Even though Shakespeare wrote "to be or not to be,"
discover active verbs to animate your ideas. Verb variety engages your reader. Choreograph sentences. Make verbs dance and tumble.
It feels natural to write sentences with is, am, was, and were, and contractions such as that’s or there’s. On a subconscious level, we move into the “to be” groove.
Just because a favorite writer does it, you don’t need to.
Make friends with verbs and play.
Consider verbs the work horses of your sentences. These power ponies add description, details, and action. If you alter the structure of the sentence, you can eliminate the use of the ‘to be’ verb.”
To practice, return guilty sentences to: subject, verb, and object. At first the alteration in sentence structure will provoke frustration. Style becomes altered as a result of eliminating the “to be” verb. When you realize new possibilities, your attitude will change.
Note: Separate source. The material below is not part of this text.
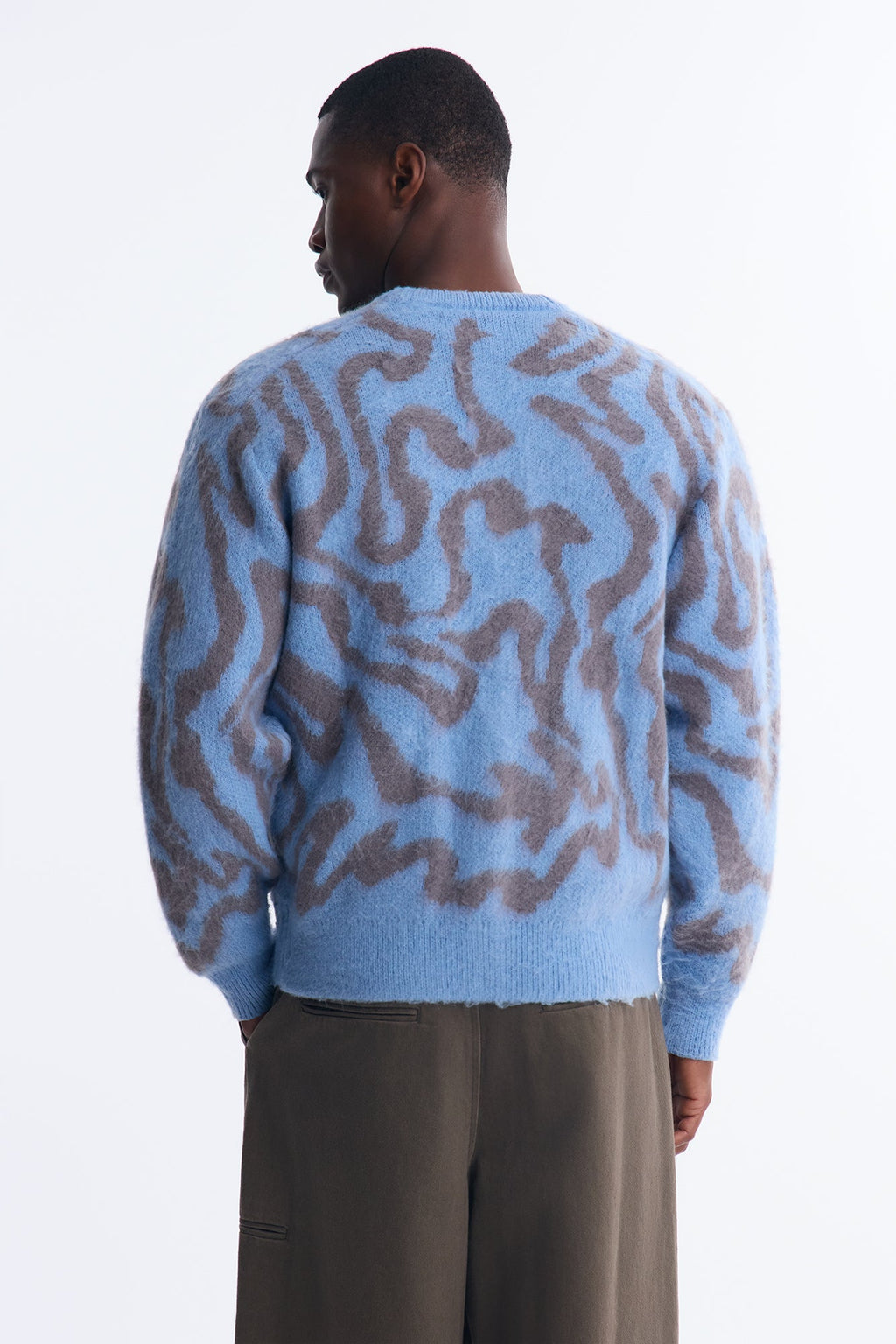 Brushed Swirl Jacquard Cardigan Sweater - Blue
Relent and deconstruct sentences. Begin to realize that verb awareness permits also a selection of stronger subjects with fewer adverbs and adjectives. Believe in the possibilities of metaphor.
Go through a piece of writing. Circle all “to be” verbs and notice if a habit rather than a choice has developed. With this focus on awareness and the process of verb choice, you learn more than the elimination of the “to be” verb.
The hunt for muscular verbs will help you move away from overusing modifiers. Select subjects with vigor.
When you read work aloud, see the difference in rhythm. With more practice, you will feel less irritation and restriction.